DATA EXCERPTS:
>>

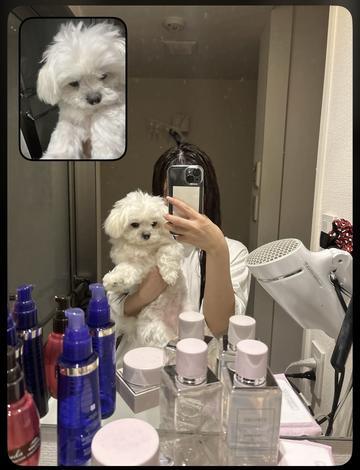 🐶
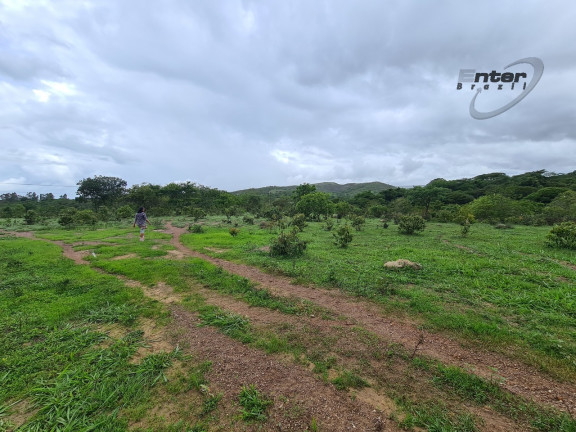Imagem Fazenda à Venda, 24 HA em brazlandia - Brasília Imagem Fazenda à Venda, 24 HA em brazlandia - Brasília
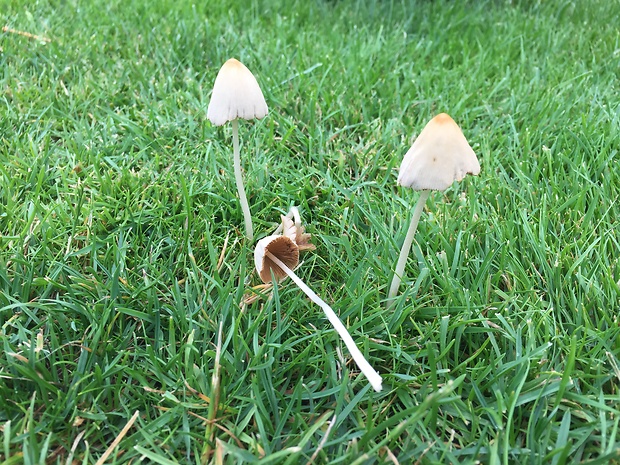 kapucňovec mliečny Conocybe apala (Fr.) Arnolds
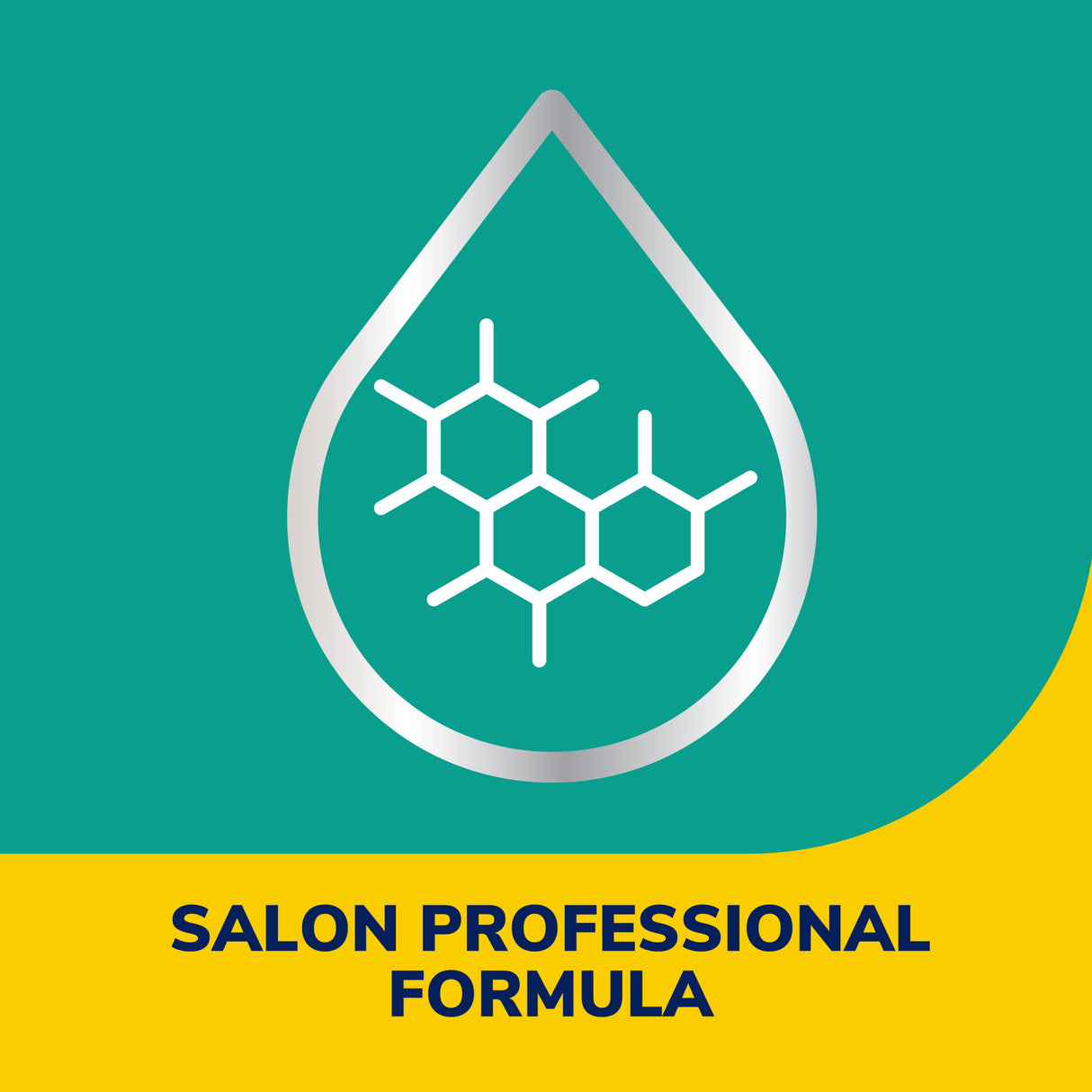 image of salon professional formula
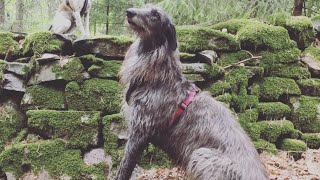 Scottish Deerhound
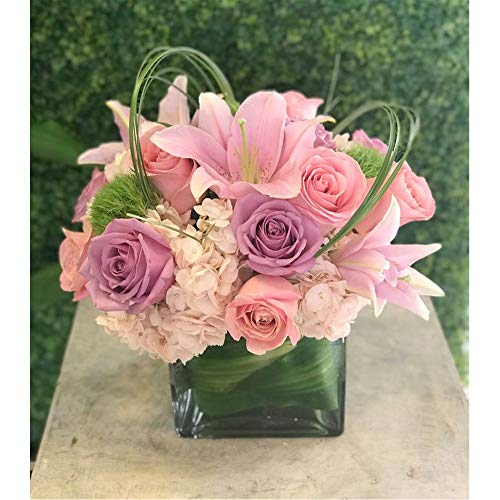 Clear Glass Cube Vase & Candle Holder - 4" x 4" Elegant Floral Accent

<<
>>

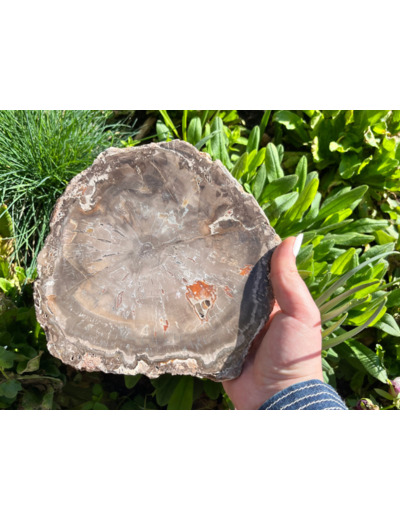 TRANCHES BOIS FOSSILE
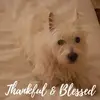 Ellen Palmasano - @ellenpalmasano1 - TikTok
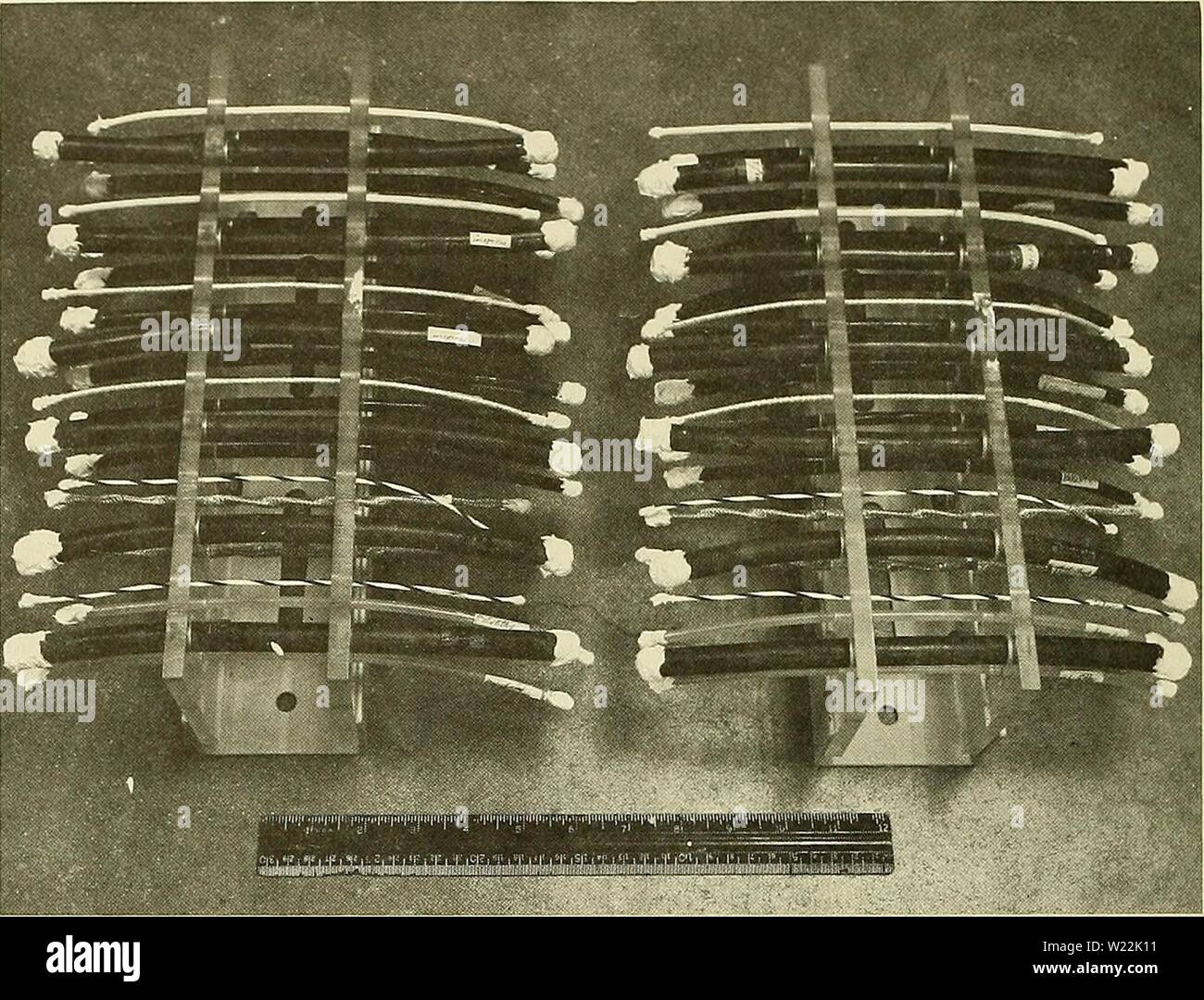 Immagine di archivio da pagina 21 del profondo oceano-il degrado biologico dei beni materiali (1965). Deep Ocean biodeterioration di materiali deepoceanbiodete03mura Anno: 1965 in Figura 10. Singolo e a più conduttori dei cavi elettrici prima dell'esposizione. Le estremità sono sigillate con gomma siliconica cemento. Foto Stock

<<

PROBLEM TO SOLVE: For this exercise, please set down exactly the lines of the listing above from the line with "image of salon professional formula" up to and including the line with "Clear Glass Cube", and no pictures.

EXPECTED ANSWER:
 image of salon professional formula
 Scottish Deerhound
 Clear Glass Cube Vase & Candle Holder - 4" x 4" Elegant Floral Accent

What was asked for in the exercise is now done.